In this district the old cottages are relatively better than the new, judging them by the general standard of comfort at the time when they were built; and some of them are absolutely better, as they have more spacious rooms. My grandfather writes from here, 1 June 1851, “Prince Albert must not think of putting labouring men in parlours, if he expects good hardy soldiers and sailors.” The modern cottages have parlours, seldom used, and bedrooms that will hardly hold a bed.

Innovations have seldom been improvements here. There are very many new things that are better than the old; but here one chiefly sees the new things that are cheaper than the old, and these are not always better. Many of them are not really cheaper. I have just given the roof of this house a new coat of thatch that ought to last for twenty years or more. The thatching here is done with wheat straw; so I grew a crop close by, and sold the grain and kept the straw. Slate or tile costs more; and with such roofing I should have to spend a great deal more on fuel, to keep the house as warm in winter time.

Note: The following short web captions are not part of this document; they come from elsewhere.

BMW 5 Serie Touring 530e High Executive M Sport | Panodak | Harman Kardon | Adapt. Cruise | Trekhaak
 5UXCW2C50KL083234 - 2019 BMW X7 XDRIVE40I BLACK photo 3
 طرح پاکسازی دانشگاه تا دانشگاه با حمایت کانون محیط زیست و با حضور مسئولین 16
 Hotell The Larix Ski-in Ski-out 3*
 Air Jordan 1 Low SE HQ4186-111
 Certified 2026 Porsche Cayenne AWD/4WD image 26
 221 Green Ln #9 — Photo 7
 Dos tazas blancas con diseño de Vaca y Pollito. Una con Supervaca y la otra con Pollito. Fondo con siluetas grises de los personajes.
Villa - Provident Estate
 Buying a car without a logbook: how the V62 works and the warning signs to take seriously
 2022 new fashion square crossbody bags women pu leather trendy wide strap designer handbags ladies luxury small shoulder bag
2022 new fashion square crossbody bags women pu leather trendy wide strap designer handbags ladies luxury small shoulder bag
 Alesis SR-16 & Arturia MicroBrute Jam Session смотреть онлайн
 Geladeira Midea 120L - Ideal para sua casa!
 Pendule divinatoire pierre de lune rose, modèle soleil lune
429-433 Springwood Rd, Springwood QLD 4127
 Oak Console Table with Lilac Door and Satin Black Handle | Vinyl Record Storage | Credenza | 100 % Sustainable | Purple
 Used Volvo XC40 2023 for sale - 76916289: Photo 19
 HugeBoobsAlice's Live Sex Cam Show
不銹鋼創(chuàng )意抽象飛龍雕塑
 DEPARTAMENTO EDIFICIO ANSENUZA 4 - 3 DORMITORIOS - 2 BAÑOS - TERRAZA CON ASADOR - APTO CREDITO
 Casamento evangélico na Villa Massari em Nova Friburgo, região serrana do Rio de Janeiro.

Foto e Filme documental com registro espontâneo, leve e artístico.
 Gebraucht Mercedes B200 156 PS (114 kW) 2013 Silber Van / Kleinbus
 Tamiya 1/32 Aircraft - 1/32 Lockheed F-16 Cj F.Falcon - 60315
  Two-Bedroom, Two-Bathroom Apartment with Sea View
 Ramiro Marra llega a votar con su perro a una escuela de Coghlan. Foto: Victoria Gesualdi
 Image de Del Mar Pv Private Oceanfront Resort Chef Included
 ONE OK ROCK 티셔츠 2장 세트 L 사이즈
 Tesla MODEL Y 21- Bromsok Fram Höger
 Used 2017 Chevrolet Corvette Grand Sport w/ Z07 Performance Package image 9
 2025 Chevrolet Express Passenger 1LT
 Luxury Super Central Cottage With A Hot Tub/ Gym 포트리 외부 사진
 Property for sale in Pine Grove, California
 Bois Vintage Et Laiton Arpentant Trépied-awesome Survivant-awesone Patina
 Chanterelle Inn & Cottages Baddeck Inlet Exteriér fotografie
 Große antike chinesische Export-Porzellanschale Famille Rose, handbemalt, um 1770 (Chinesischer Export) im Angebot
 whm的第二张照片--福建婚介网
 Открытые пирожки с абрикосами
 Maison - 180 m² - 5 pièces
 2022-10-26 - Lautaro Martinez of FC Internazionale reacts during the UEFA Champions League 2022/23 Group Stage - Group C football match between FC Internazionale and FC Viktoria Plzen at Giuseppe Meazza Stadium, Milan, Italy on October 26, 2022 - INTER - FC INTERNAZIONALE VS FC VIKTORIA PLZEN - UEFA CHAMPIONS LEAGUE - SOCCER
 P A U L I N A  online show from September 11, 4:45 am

In some ways a thatched roof is better than a cellar as a place for storing wine: the temperature just suits the wine, and there is not any damp. My grandfather tried keeping some above his bedroom ceiling; but it was an inconvenient place for fetching bottles down, and accidents may happen when thatchers are about.

After looking at my vases here, a foreigner made me a little speech. “Oh, your country, how wonderful it is. Who should think to find choice works of ancient Greece with a roof of what you call the Thetch. In another house I find antiquities of Egypt, in another the Oriental porcelain and the lacquer, in another I find pictures most superb. Where originals do not exist, I find reproductions of the greatest works. Surely your England is the most artistic country in the world.”—I fear that England is Artistic in another sense. One day a shopman was showing me things all covered with clumsy ornament, and I asked if there was nothing of good design, without all these excrescences. He seemed puzzled at this, and then it dawned upon him, “Oh, I see, sir. You want something less Artistic.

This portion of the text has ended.